# Srt-4 Wtf?



## Felonious Cat Stalker (May 1, 2002)

So, I'm in the market to replace my poor, tired 94 Sentra XE, and I'm liking this new SRT-4. I've heard of people in the States sighting them NOW and them being on the street. I check the Canadian website for Dodge. It just has some Press release BS and talks about how it'll have 205 hp & 215 lb-ft of torque. WTF? I thought it was more? Then I can't find anything else about it so I call the dealer.

Me: When are the SRT-4s coming in?
Guy: July or August.
Me: July? What?
Guy: Yeah, July. We've been getting a lot of interest now though.

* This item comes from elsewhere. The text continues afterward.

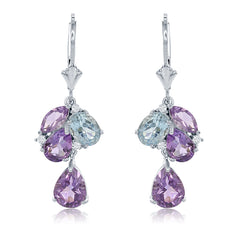 Sterling Silver 6CTW Amethyst & Blue Topaz Leverback Earrings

I bet. Maybe because they already have them in California & Florida.

Grrr. Canada gets screwed again. Months after they're available nation wide in the States and with less power.

In good news though, I took a Spec-V salesman out for a scare tonight. Damn, that car's too much fun. Nice neutral balance through a tight 270 degree interchange. The salesman started on the passenger side in the back and finished up on my side of the car. It was a good car buying experience though:

Me: Hi, I'm interested in the Spec-V.
Him: Allright, I'll go grab some keys & a plate. Let's go.

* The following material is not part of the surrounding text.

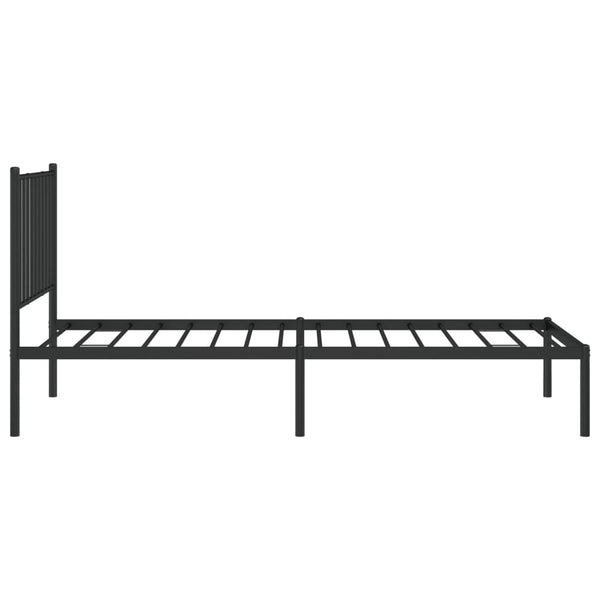 Musta metallinen sängynrunko päädyllä Necsoiu 75x190cm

WTF? I could have been some nut job. Oh, wait, after that loop, he probably thought I was.

Anyway, if you got this far, thanks for reading my incoherent rant for the night.


----------



## Psch91 (May 18, 2002)

Yeah, Ive already seen a Yellow one and a Silver one on the streers, those things are fast man. The Silver one just took off. They look nice as hell, I love their front. Sucks to be in Canada, huh, sorry man. You wouldnt want a WRX?


----------



## Dwntyme (Dec 18, 2002)

a whole truck load of SRT-4's showed up here in Clarksville, TN
yesterday,,,one Black one and 5 yellow ones. personally I don't like the looks of them...


----------



## Felonious Cat Stalker (May 1, 2002)

I like the price of the SRT-4, plus I've become disillusioned buy Subaru. In this town, there's too many fan boys driving WRXs, thinking they're the shit with their 227 hp AWD beast then come out to a winter Auto-X and get owned by my shitty B13 with half the power and 2 fewer driven wheels. I'm just not impressed. I know it's a good car in the right hands, but I don't want to be associated with that.

I know SRTs are ugly, but I can live with that when the car has all that power, costs a little more than the Spec-V and owns in Auto-X.

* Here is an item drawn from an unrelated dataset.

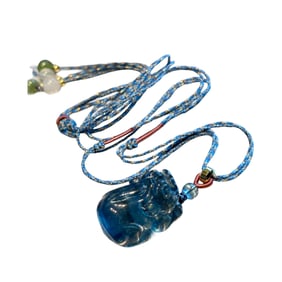 Superb Aquamarine Carved Fortune Pixiu Pendant w Hand Woven Necklace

And, for those who are reaching for the BS button to respond to my comment about owning WRXs in snow with a B13, I can back it up.


----------



## krylonkoopaa (Sep 13, 2002)

dang stay nissan bs button i can smell it through my monitor ...J/K
oh i bet that gives your ego a boost owning a wrx in a b13


----------



## Adam (Apr 30, 2002)

Where's my BS button? I can't find it 
The SRT-4 is underrated from factory anyway. If you get one you'll probably be putting down more that that to the wheels.


----------



## Ninety-Nine SE-L (May 5, 2002)

:bs:

Oops, typo...they should really try to relocate the BS button on these HP's 

I don't mind the Suburu's too much, I just think a Sunny or Pulsar GTi-R would kick it's ass to hell and back . If Nissan built an AWD turbo car here in the states, those Suburu wannabes would have a BIG surprise riding their asses.


----------



## himilefrontier (Jan 21, 2003)

Hell,if they just put the SR20VET in a FWD Sentra it would kill all the other compacts-if it got traction!Come to think of it,if Subaru and Mitsubishi could figure out a way to use their turbo engines here(and,ok, the 2.4ltr STI engine is US only)why doesn't Nissan?The Mitsubishi 4G63 has been around in various forms since the early 90's(like the SR20)so I don't think it is an issue of not wanting to use an older design.The QR25DE is an OK family sedan engine,but c'mon,it can't hold a candle to the competition from Dodge, Subaru, Mazda,Honda or Mitsubishi!They have a good engine already developed and need to seriously consider using it here!


----------